Comment justifiez-vous qu’en une petite dizaine d’années seulement, la Belgique, et la Wallonie en particulier, soit devenue ce que l’on appelle à Paris un  » hot spot  » de la coproduction ?

Il y a bien sûr toute une série d’incitants financiers qui nous permettent d’attirer aujourd’hui des productions du monde entier. Mais les racines de cet engouement sont bien plus profondes : elles remontent au début des années 60, lorsque, sous l’impulsion d’André Delvaux, s’est ouvert l’Insas (l’Institut National Supérieur des Arts du Spectacle et des techniques de diffusion), à Bruxelles, l’une des premières écoles de cinéma européennes. Comme nous sommes en Belgique, elle se devait d’avoir un pendant  » confessionnel  » qui sera l’IAD (Institut des Arts de Diffusion). Grâce à ces deux établissements, nous en sommes désormais à la quatrième génération de techniciens de haut vol qui travaillent un peu partout en Europe. Christophe Beaucarne, par exemple, le fils de Julos, est l’un des chefs opérateurs les plus demandés du cinéma français.

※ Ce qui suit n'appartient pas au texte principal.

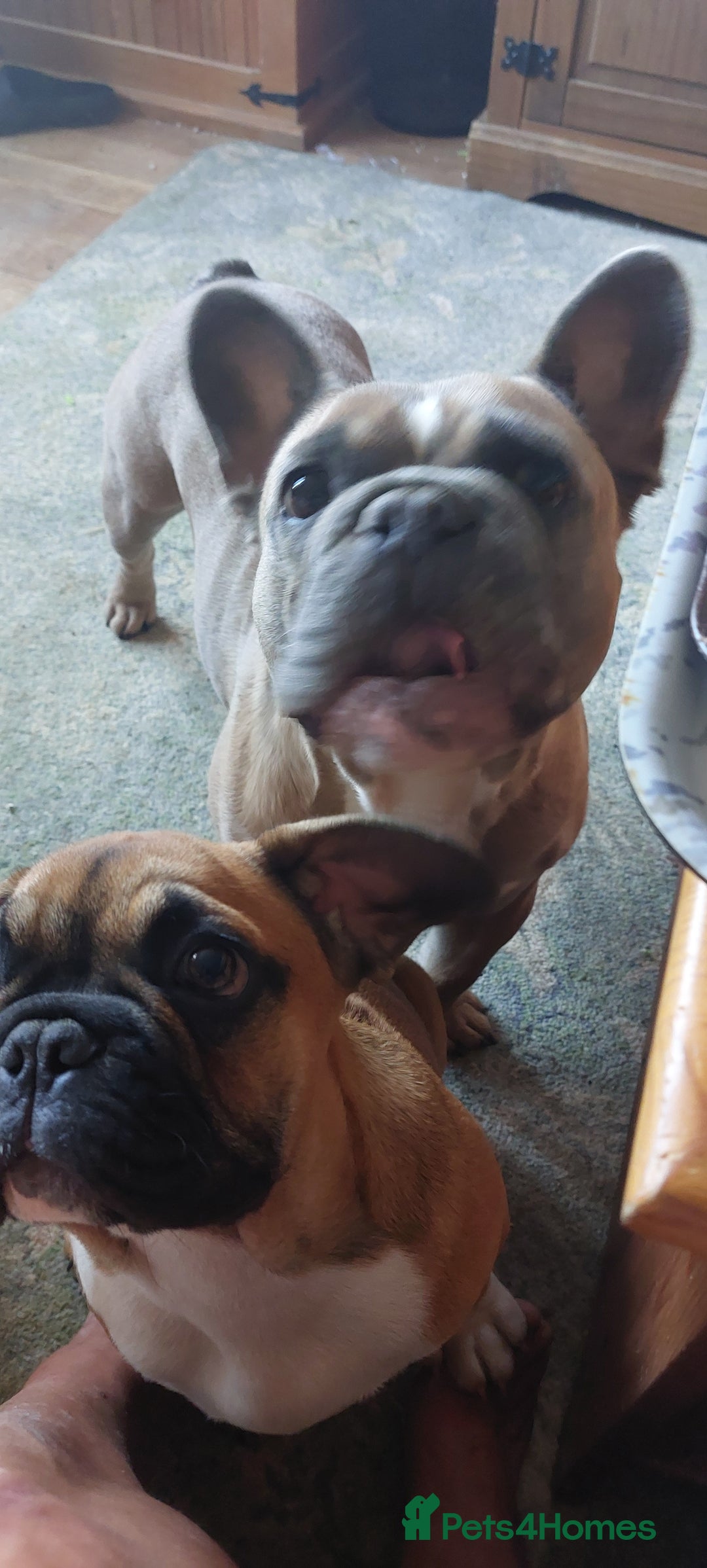 French Bulldog dogs for sale: BINGO  - Image 2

Le talent c’est une chose, mais en cinéma comme ailleurs, l’argent reste le nerf de la guerre. Et la Wallonie n’a pas la réputation d’être une région très riche…

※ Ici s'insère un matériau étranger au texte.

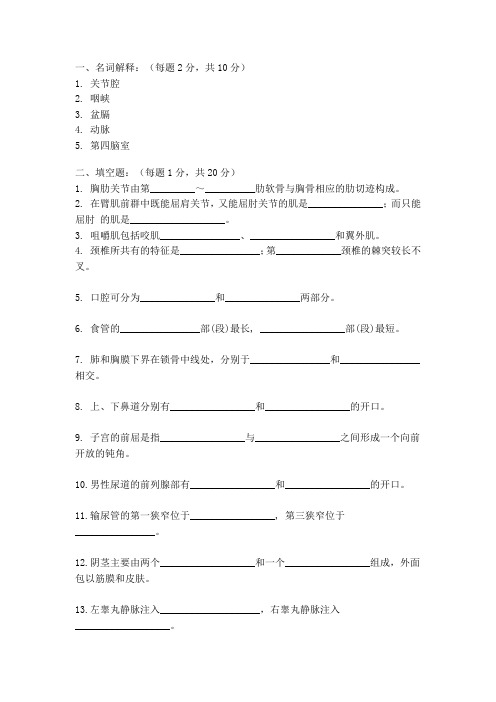 解剖试卷3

Nous sommes l’une des rares régions d’Europe à disposer d’un triple mécanisme financier qui nous rend assez imbattables : tout d’abord, les producteurs peuvent solliciter une aide auprès de la Fédération Wallonie-Bruxelles. A ce niveau-là, c’est la valeur culturelle du projet qui sera évaluée. Chez Wallimage, en revanche, nous n’allons pas à apprécier les dossiers en fonction de la beauté du scénario : ce qui nous importe, c’est le nombre de personnes qui vont pouvoir bosser sur le film localement et de manière durable. A choisir entre la production qui engagera 1 000 figurants pendant quelques jours et celle qui fera travailler un studio de montage pendant six mois, nous préfèrerons la deuxième. S’ajoute à cela le fameux tax shelter qui est incontestablement le plus puissant des trois leviers : cette loi permet à des investisseurs privés de soutenir le cinéma en déduisant de leur base imposable une fois et demi ce qu’ils vont mettre dans le film, à condition de dépenser 90 % des fonds en Belgique. En 2012, plus de 180 millions ont été injectés de cette manière dans le cinéma. La contribution de Wallimage, elle, tourne autour des 5,5 millions d’euros par an.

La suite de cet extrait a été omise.